EPP cited ECHO's proximity to two large-diameter oil pipelines, including the Seaway system, as enhancing shipper flexibility in both Houston and Cushing, Okla.

EPP and its Seaway joint-venture partner Enbridge Inc. recently concluded an open season for capacity on both Seaway and a new pipeline running from ECHO to the Port Arthur-Beaumont refining center (OGJ Online, Jan. 5, 2012).

Discovery Gas lets Foster Wheeler offshore contract

Discovery Gas Transmission LLC awarded Foster Wheeler Upstream a contract to provide design, engineering, and technical services for a junction platform, facilities, and associated pipelines within the Discovery system at South Timbalier Block 283, in the Gulf of Mexico.

The platform, in 350 ft of water, will be a four-pile structure with a two-level deck. The platform will be designed as an unmanned structure with a control system designed to shut down in case of an upset.

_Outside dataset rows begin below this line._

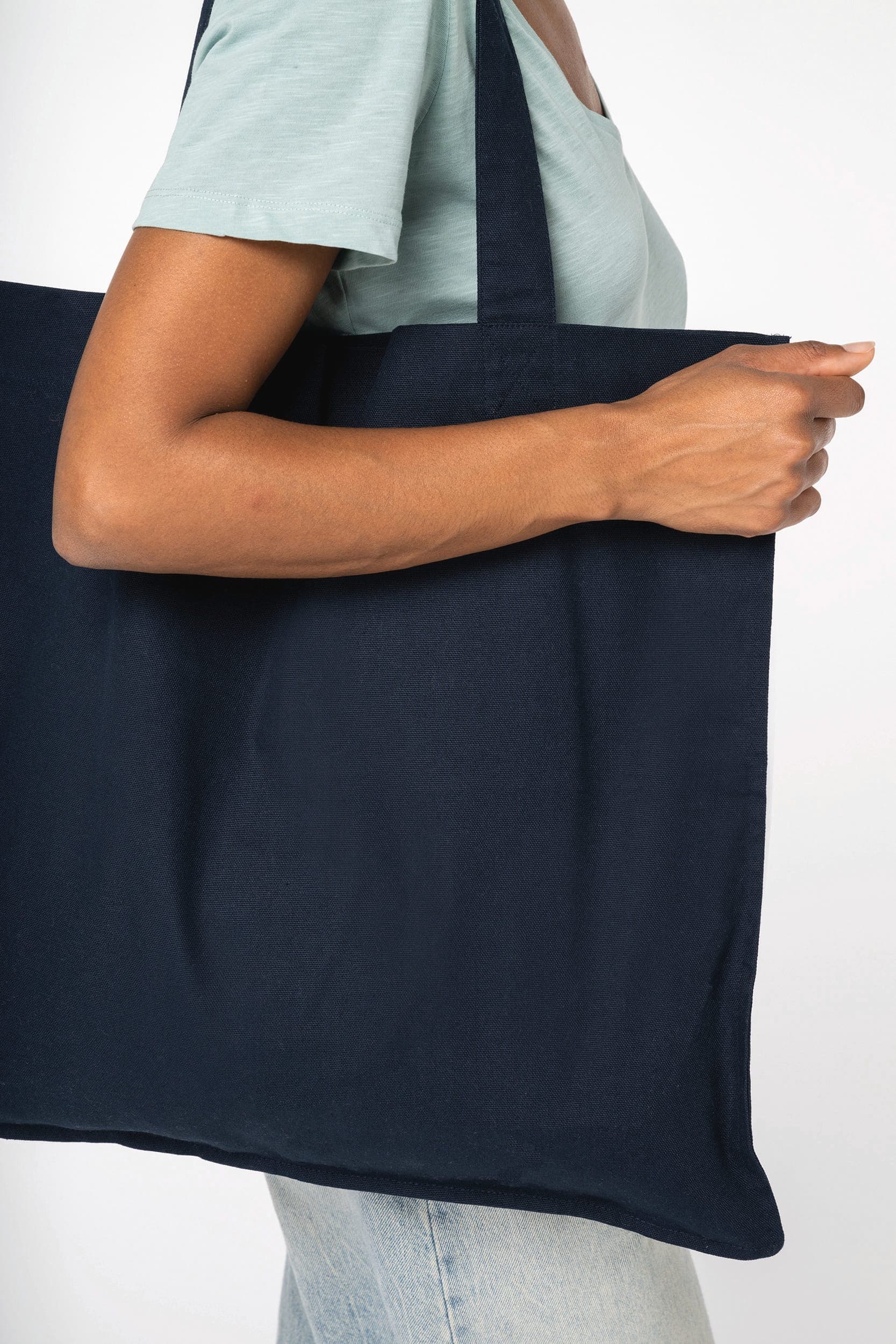 Long sac shopping écoresponsable en situation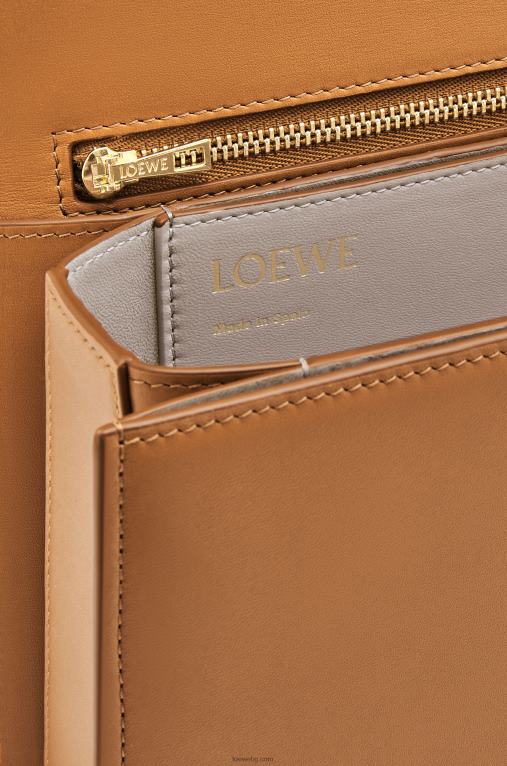 Loewe чанта goya от копринена телешка кожа F84B8300 Жени топла пустиня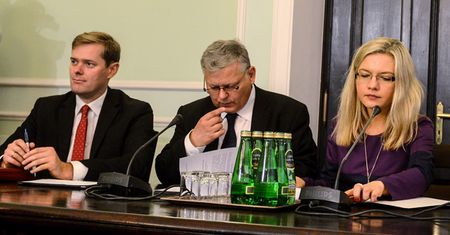 Zebrała się komisja śledcza do wyjaśnienia sprawy Amber Gold. Świadek się nie stawił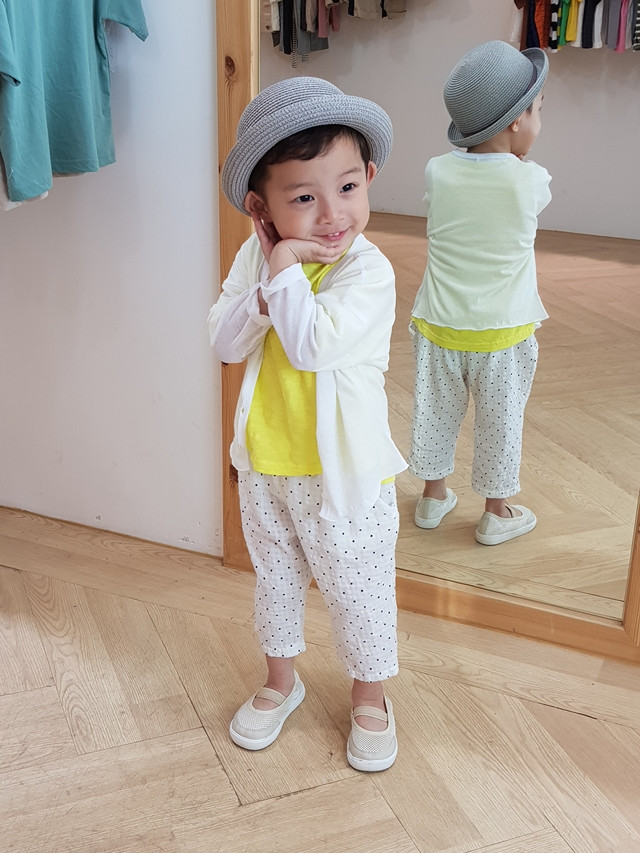 <b><p>glass dot Pants Bus Children's Wear Kids</p></b><b><p>グラス ドット パンツ 釜山子供服 キッズファッション 幼児などウォンルク デイリーコーディネートル</p></b><br /><br /><p align='center'>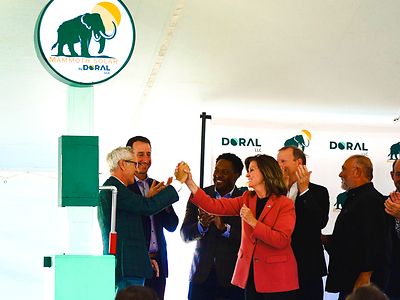 Doral LLC CEO Nick Cohen (far left) with Indiana’s Secretary of Energy, Suzanne Jaworowski. Joined by (from left to right) Evan Speece, CFO Doral LLC, Tyrone Thomas, General Counsel Doral LLC, Robert Vinje, Nextpower, and Dori Davidovitz, Founder and Chairman, Doral Group. 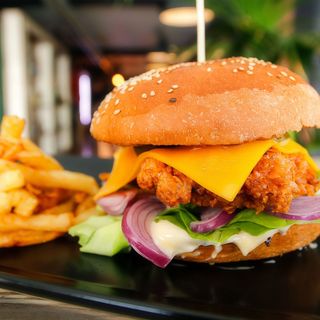 Burger cu pulpă de pui crispy picant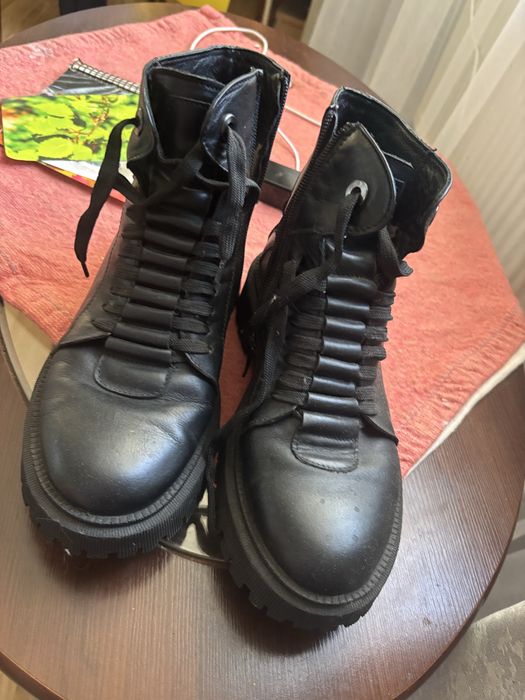 Взуття жіночке шкіряні зимові тепленькі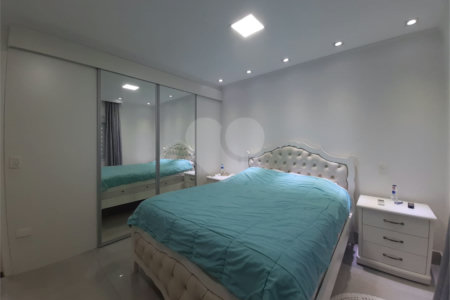 Sobrado à venda com 3 quartos, sendo 1 suíte, em Vila Medeiros, São Paulo, SP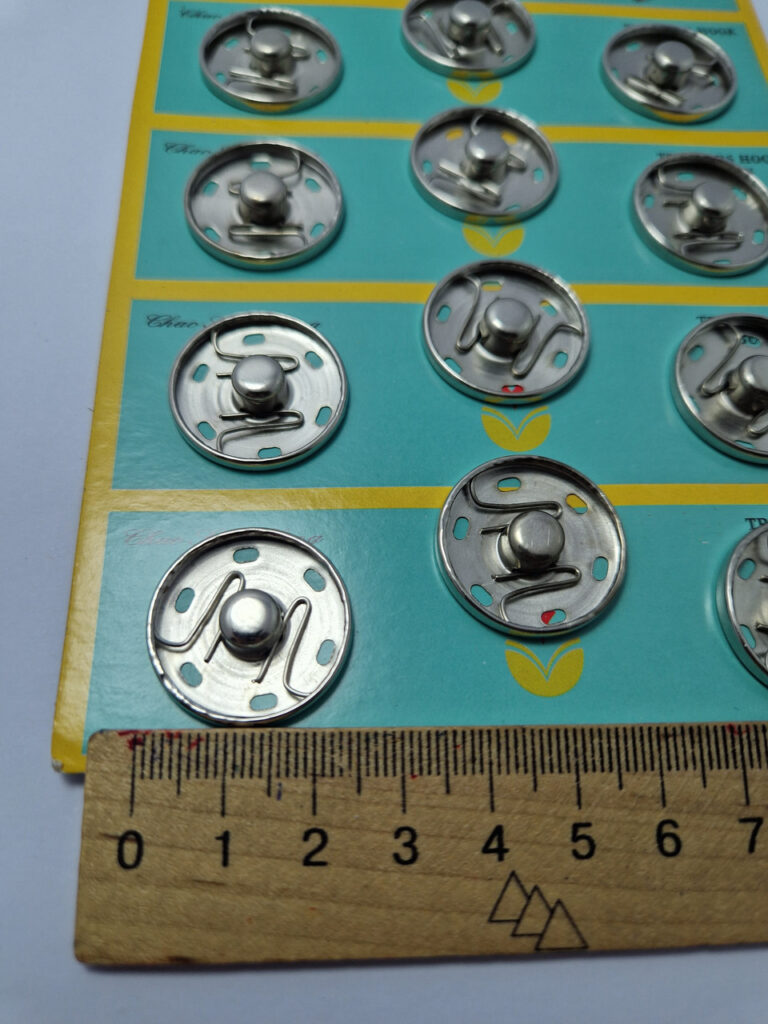 Кнопка пришивна металева white rabbit, колір нікель, 2.5 см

The new infrastructure will enable the existing Discovery pipeline to operate at a higher pressure, before and after connection of the new Keathley Canyon pipeline.

Williams Partners LP and DCP Midstream Partners LP plan to expand Discovery in the deepwater gulf by building the Keathley Canyon Connector, a 215-mile, 20-in. OD subsea gas gathering pipeline for production from the Keathley Canyon, Walker Ridge, and Green Canyon areas (OGJ Online, Jan. 19, 2012). Williams owns 60% of the Discovery system and operates it. DCP Midstream owns 40% of the system.